Citizens for Responsibility and Ethics in Washington filed a lawsuit against Trump on Monday morning, alleging that he’s in violation of the emoluments clause of the constitution, charges that could lay the groundwork for impeachment.

The word resistance is everywhere. Former labor secretary Robert Reich gives a daily address on Facebook Live called the Resistance Report. The group 18millionrising.org, which represents Asian and Pacific islanders in the US, has launched a “100 Days of Resistance” campaign. The Working Families party reports that on Tuesday more than 10,000 people went to congressional offices to protest against Trump. Climate and human rights groups launched Unstoppabletogether.org to link human rights, racial and environmental justice. Greenpeace hung a gigantic banner off a crane next to the White House: it said “Resist”.

Organizers tell me that hordes of people who have never been active before are looking for ways to plug in. People whose immigration status, religion or healthcare needs mean they may be directly threatened are terrified, and in many cases mobilized. Of course the Trump administration has also attacked the media; strategist Steve Bannon declared in an interview published on Thursday: “The media should be embarrassed and humiliated and keep its mouth shut.” The media has finally gotten bold about calling lies lies: the Denver Post even ran an editorial titled, “Lying Donald Trump Can’t Be Trusted”. Even the Nixon administration took long, bitter years to get to this point.

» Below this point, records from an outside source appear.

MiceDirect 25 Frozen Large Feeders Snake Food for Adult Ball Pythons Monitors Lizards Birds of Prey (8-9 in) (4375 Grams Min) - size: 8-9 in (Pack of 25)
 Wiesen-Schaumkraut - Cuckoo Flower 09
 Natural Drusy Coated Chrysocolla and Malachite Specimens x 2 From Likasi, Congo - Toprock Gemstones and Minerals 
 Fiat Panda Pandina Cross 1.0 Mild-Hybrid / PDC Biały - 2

All this stirring and discord and messaging and organizing guarantees nothing, but as an indicator of popular will and institutional opposition, it’s impressive. Dislodging Trump may be one lawsuit or scandal or investigation or mental health meltdown away. Or it may take years of broadly coordinated grassroots effort, or it may come down to the next presidential election. Either way, it’s an unprecedented beginning, one that feels like a civil war, but a civil war in which a lot of civil society is already passionately engaged against the government – or what remains of a government that has turned its own employees across many departments against it. We’ve never seen anything like it. It destabilizes almost everything, and that’s both horrific and full of possibility.